= Lothar Fischer =

German sculptor (1933–2004)

Lothar Fischer (November 8, 1933 - June 15, 2004) was a German sculptor.

He was born in Germersheim, Palatinate. Between 1952 and 1958 he studied under Professor Heinrich Kirchner at the Akademie der Bildenden Künste, Munich. In 1958, he received a three-month scholarship to the Villa Massimo in Rome from the Arnold’sche Stiftung (Arnold’sche Foundation).
After this he joined the painters Heimrad Prem, Helmut Sturm and Hans-Peter Zimmer in founding the group SPUR, which in 1959 entered the Situationist International. That year he participated in the Junge Kunst (Young Art) exhibition in Ulm.

By 1962 the SPUR group had been expelled from the Situationist International. He participated in their exhibition at the Galerie van de Loo. The next year he was involved in Visione e Colore (Visions and Colours) in the Palazzo Grassi, Venice before joining other SPUR colleagues in the Nouveaux Espaces exhibition in Paris. He then had a single exhibition at the Gallery van de Loo.

He was a member of the German Artists federation from 1963 to 1994. During the rest of the 1960s he continued to exhibit his work in Kassel, Amsterdam, Duisburg, Darmstadt and Wiesbaden. In 1971 he produced a sculpture for the city of Munich and another in 1972 for Darmstadt. Then in 1973 he had a solo exhibition in the Gallerie d'Arte del Naviglio, Milan.

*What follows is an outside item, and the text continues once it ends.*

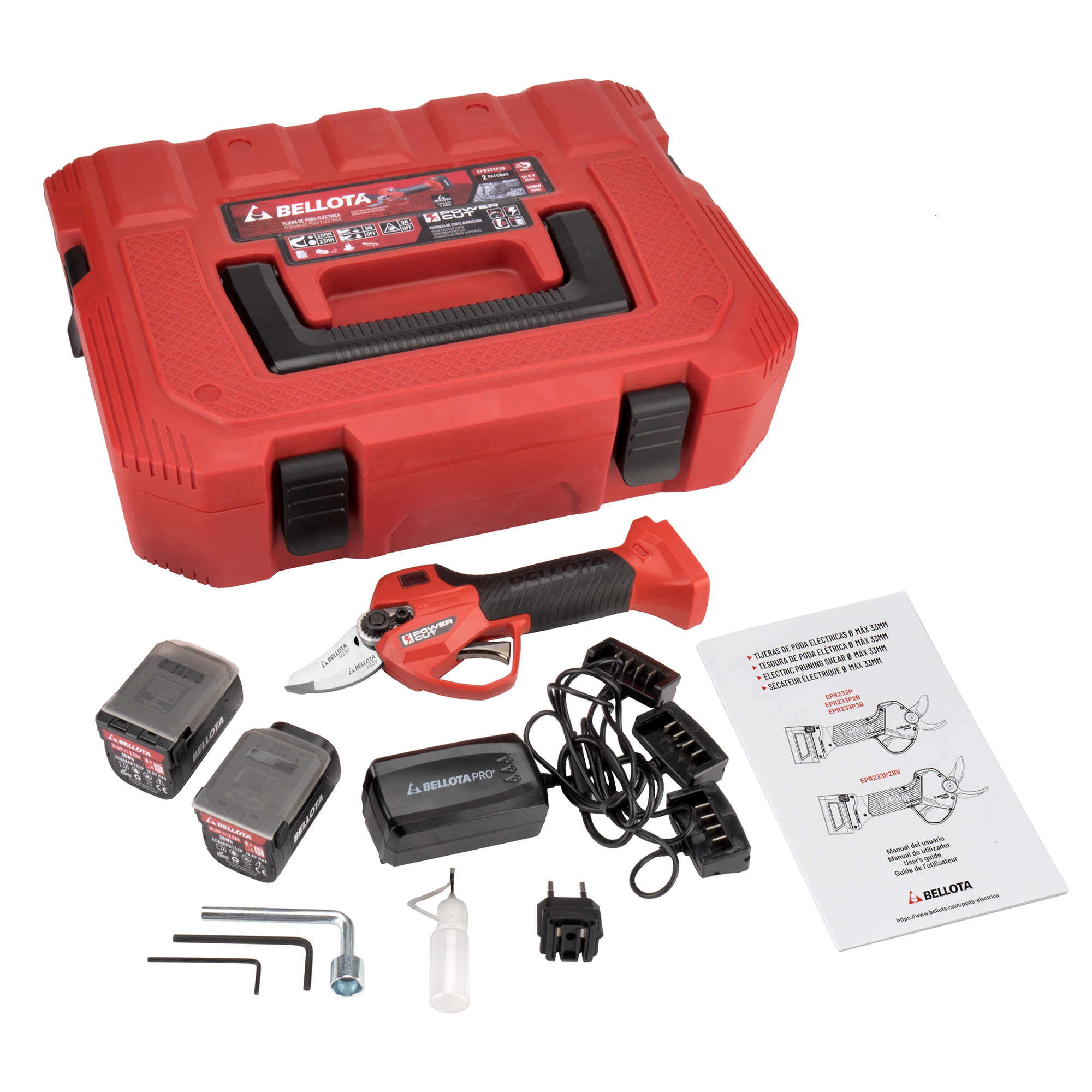 Tijera de poda eléctrica POWER CUT, especial viña,  con dos baterías de Litio Ion y un corte máximo de 33mm de diámetro, 2 baterías. / EPR233P2BV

From 1975 to 1997 Fischer was professor at the University of the Arts, Berlin. He continued to exhibit mainly in Germany and Switzerland with one exhibition in New York in 1988 at the Stephen Haller Gallery. He lived and worked in Berlin and in Baierbrunn near Munich until the time of his death. Fischer was awarded the Kunstpreis Rheinland-Pfalz in 1990.